Libo Zhang

Other people with similar names: Libo Zhang


2026

Although speculative decoding is widely used to accelerate Vision-Language Models (VLMs) inference, it faces severe performance collapse when applied to Video Large Language Models (Vid-LLMs). The draft model typically falls into the trap of attention dilution and negative visual gain due to key-value cache explosion and context window mismatches. We observe a visual semantic internalization phenomenon in Vid-LLMs, indicating that critical visual semantics are implicitly encoded into text hidden states during deep-layer interactions, which renders raw visual inputs structurally redundant during deep inference. To address this, we propose the Sparrow framework, which first utilizes visually-aware text-anchored window attention via hidden state reuse to fully offload visual computation to the target model, and leverages intermediate-layer visual state bridging to train the draft model with semantic-rich intermediate states, thereby filtering out low-level visual noise. Additionally, a multi-token prediction strategy is introduced to bridge the training-inference distribution shift. Experiments show that Sparrow achieves an average speedup of 2.82x even with 25k visual tokens, effectively resolving the performance degradation in long sequences and offering a practical solution for real-time long video tasks.

2025

With the continuous advancement in the performance of large language models (LLMs), their demand for computational resources and memory has significantly increased, which poses major challenges for efficient inference on consumer-grade devices and legacy servers. These devices typically feature relatively weaker GPUs and stronger CPUs. Although techniques such as parameter offloading and partial offloading can alleviate GPU memory pressure to some extent, their effectiveness is limited due to communication latency and suboptimal hardware resource utilization.
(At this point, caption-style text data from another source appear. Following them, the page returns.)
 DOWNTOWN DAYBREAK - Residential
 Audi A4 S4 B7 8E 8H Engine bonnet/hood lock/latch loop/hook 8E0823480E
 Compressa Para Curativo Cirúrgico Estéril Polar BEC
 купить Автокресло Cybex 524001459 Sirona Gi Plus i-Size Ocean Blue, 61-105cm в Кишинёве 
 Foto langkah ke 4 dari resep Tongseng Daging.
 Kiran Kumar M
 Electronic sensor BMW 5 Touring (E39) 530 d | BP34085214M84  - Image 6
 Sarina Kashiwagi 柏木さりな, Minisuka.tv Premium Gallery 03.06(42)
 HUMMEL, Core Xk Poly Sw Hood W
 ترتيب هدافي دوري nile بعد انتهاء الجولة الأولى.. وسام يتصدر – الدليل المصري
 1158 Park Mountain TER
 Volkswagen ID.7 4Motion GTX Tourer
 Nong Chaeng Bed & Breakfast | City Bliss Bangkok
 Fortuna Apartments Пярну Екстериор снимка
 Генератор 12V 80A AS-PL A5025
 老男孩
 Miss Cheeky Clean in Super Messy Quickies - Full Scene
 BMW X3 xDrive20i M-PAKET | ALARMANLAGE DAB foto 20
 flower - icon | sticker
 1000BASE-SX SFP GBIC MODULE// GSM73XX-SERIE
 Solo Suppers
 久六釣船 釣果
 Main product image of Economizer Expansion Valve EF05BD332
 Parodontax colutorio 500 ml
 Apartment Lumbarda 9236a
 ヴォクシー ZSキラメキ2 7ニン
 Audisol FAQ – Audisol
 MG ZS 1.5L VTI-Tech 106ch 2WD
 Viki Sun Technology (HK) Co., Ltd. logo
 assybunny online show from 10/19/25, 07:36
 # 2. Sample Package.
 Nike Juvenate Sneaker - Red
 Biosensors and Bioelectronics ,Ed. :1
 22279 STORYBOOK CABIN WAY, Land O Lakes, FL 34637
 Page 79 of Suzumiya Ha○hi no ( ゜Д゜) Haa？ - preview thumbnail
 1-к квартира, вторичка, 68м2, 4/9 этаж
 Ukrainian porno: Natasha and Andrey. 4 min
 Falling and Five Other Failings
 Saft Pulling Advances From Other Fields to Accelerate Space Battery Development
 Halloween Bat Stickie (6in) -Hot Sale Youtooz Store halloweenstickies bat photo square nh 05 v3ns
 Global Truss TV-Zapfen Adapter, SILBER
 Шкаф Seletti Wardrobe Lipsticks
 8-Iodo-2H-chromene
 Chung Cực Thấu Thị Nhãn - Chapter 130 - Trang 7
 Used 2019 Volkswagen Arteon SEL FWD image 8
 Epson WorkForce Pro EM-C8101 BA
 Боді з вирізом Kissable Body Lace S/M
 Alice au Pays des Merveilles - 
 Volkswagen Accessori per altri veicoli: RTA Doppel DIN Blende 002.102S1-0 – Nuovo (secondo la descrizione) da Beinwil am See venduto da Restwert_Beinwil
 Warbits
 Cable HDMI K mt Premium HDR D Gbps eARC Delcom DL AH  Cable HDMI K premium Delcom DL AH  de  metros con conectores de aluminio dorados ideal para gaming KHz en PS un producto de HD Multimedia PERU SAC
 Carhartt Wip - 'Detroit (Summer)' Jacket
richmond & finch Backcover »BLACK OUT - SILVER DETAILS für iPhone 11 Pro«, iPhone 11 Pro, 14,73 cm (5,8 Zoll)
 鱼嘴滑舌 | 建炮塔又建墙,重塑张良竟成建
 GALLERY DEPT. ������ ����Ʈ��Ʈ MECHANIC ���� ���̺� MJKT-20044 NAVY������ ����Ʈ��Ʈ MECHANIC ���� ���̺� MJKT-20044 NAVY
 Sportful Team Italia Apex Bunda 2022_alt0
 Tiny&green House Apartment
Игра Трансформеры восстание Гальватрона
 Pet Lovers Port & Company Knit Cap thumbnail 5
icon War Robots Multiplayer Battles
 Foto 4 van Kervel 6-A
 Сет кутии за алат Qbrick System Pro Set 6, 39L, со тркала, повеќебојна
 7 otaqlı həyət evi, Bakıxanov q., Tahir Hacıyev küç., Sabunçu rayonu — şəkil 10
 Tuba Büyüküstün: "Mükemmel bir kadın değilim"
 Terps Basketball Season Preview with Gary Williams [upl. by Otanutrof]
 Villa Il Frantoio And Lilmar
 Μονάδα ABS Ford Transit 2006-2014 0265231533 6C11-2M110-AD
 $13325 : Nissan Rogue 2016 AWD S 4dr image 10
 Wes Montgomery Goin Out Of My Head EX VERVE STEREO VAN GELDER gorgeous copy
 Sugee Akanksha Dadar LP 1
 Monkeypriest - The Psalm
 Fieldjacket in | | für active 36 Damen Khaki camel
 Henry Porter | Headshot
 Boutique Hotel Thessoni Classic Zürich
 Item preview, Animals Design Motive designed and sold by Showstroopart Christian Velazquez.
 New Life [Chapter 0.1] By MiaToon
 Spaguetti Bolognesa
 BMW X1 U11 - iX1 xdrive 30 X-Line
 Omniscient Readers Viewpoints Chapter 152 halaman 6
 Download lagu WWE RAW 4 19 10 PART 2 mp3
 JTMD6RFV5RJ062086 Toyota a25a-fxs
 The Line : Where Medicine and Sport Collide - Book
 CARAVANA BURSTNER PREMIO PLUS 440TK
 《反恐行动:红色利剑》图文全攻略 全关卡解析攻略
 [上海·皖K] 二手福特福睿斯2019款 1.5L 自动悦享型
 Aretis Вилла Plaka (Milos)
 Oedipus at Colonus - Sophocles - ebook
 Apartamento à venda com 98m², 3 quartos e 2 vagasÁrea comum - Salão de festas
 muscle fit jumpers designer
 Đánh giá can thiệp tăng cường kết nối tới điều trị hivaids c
To address this issue, we propose Dovetail—a lossless inference acceleration method that leverages the complementary characteristics of heterogeneous devices and the advantages of speculative decoding. Dovetail deploys a draft model on the GPU to perform preliminary predictions, while a target model running on the CPU validates these outputs. By reducing the granularity of data transfer, Dovetail significantly minimizes communication overhead. To further improve efficiency, we optimize the draft model specifically for heterogeneous hardware environments by reducing the number of draft tokens to lower parallel verification latency, increasing model depth to enhance predictive capabilities, and introducing a Dynamic Gating Fusion (DGF) mechanism to improve the integration of feature and embedding information. We conduct comprehensive evaluations of Dovetail across various consumer-grade GPUs, covering multiple tasks and mainstream models. Experimental results on 13B models demonstrate that Dovetail achieves inference speedups ranging from 1.79× to 10.1× across different devices, while maintaining consistency and stability in the distribution of generated texts.